住職日記

安らぎに親しむ一分間の修行

師曰く、瞑想とは、、、、。

最近は、私たちお坊さんも、リモートでの勉強会や会議が増えました。

先週は、自分自身の「エンディング」を考えるzoom勉強会に参加してお話をさせていただく機会もありました。エンディングつまり自分の人生の閉じ方を考えるにあたり、お葬式についてお坊さんのお話を聞こう、という企画でした。

先日は、仏教について、とりわけチベット仏教について学ぶ、初心者のための勉強会に参加しました。

チベットのお寺

チベットに伝えられる仏教は、実は私たち日本に伝えられている仏教ととても似ています。日本語とチベット語と、使う言葉は違っても、同じお釈迦さまのお経を伝えているのですから、考えてみれば当然と言えば当然ですね。

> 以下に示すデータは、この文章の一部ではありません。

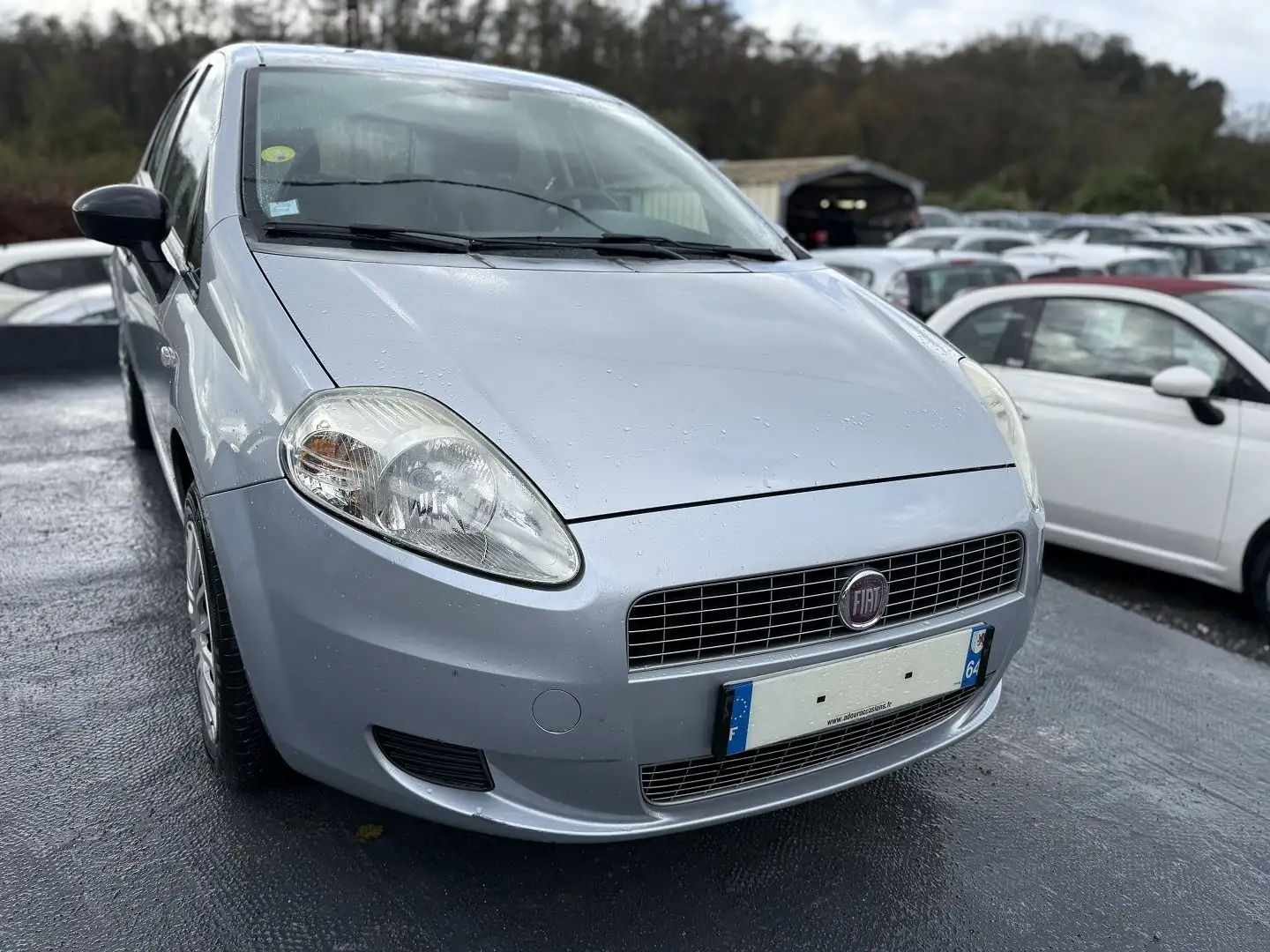 Fiat Grande Punto 1.2 8V 65CH TEAM 5P Gris - 1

歴史的にも、同じような時期に仏教が伝えられ、それ以前の自然を敬う宗教と仏教とが併存、融合しながら発達してきた歴史も大変よく似ています。

もちろん、それぞれ千数百年の歴史がありますから、それぞれ独自に発展している部分もたくさんあり、何もかも一緒というわけではありません。

礼拝するチベット僧

さて、そのオンラインの勉強会では、チベット仏教の大まかな歴史を教えていただきましたが、最後に、先生が「少し瞑想しましょう」とおっしゃって、参加者みんなで先生の案内で数分間の瞑想をしました。

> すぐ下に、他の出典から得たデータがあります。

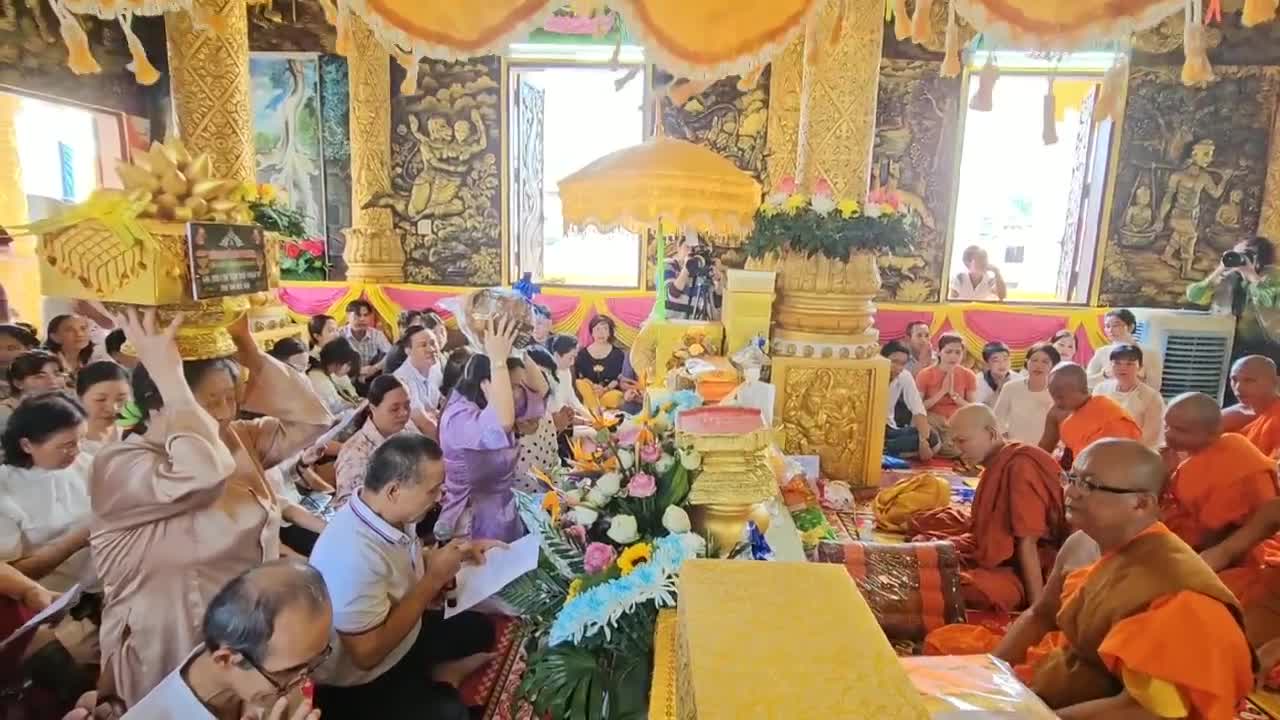 Đồng bào Khmer ở TP. Cần Thơ: Rộn ràng mùa dâng y Kathina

その時に、先生が、瞑想について話してくださった言葉がとても印象に残りましたので、皆さんにシェアしたいと思います。

「瞑想は長時間やらなくてよい。一分とか、短くてもよいので頻繁にやると良い。なぜなら瞑想は、心が『安らぎ』に親しんでいくための修行だから。そしてその安らかな心と日常との心ができるだけ断絶しないよう心がけることが大切です。そのためにも短い瞑想を頻繁にやると良い」。

瞑想は、心が安らぎに親しむための修行である。。。。

なんだか、あらためて、その通りだと、深くうなずかれるのでした。

修行というと、心身を鍛える、とか、無になる、とか、苦しみに耐える、というイメージを、私たち坊さんでさえ固定的に持っています。

きっと多くの人が、坊さんの修行って、大変そう、と思っているでしょう。

しかし、お釈迦さまの目指したのは「心の安らぎ」です。

「イラストや」さんにもお釈迦さまが!

しかも、先生は「そのために何時間もやる必要はない、一分で良い、そんな短い瞑想を少しずつ繰り返して、心が安らぎに親しむようにしていくんです」。そうお話しされました。

いつもイライラしている、しょっちゅう怒っている、何かというと怒鳴ってしまう。そんな自分が嫌になってしまうことってありませんか。

先生の言葉で振り返れば、そんなときの私たちは、イライラに親しみ、怒りに親しみ、怒鳴ることに親しんでいるわけですね。

思えば、大切な自分の時間や人生が、そんなふうにして、イライラや怒りの心でその多くを占められてしまうとしたら、なんともばかばかしい話です。もったいないです。

同じ時間を生きるなら、楽しく、愉快に、安らかに生きていきたい。

一分瞑想で安らぎに親しむ


仏教は、そのための教えなのですね。

そのためには、自分の心が、イライラではなく安らぎに親しむように仕向ける、つまり安らぎに親しむ修行をすると良いわけです。

一分間。

背筋を楽に伸ばして、ゆったりした呼吸に気持ちを向ける。

それだけ。

一分間。

先生は、出来れば、それをだんだん増やしていく。長い時間やるのではなく、一分間を、頻繁に、とおっしゃっていました。

安らぎに親しむ回数を増やす、ということですね。

長時間やっても、それで疲れて飽きてしまうと、残りの時間は、心が反対(イライラ・怒り)の方に行ってしまうそうです。一日の1時間みっちり修行しても、のこりの23時間、安らぎから遠ざかっていたら、効果がないとのこと。

それより、一分の瞑想で安らぎに親しみ、その気持ちを保つように心掛けながら過ごし、またどこかで一分瞑想、また日常の暮らしを営み、また一分。。。

そうやって、いつしか心が安らぎに親しむ時間が増えて、イライラや怒りが遠ざかっていく。

修行って、そういうものなのですね。

皆さんも、一分瞑想を、ちょっとずつ暮らしに取り入れてみませんか。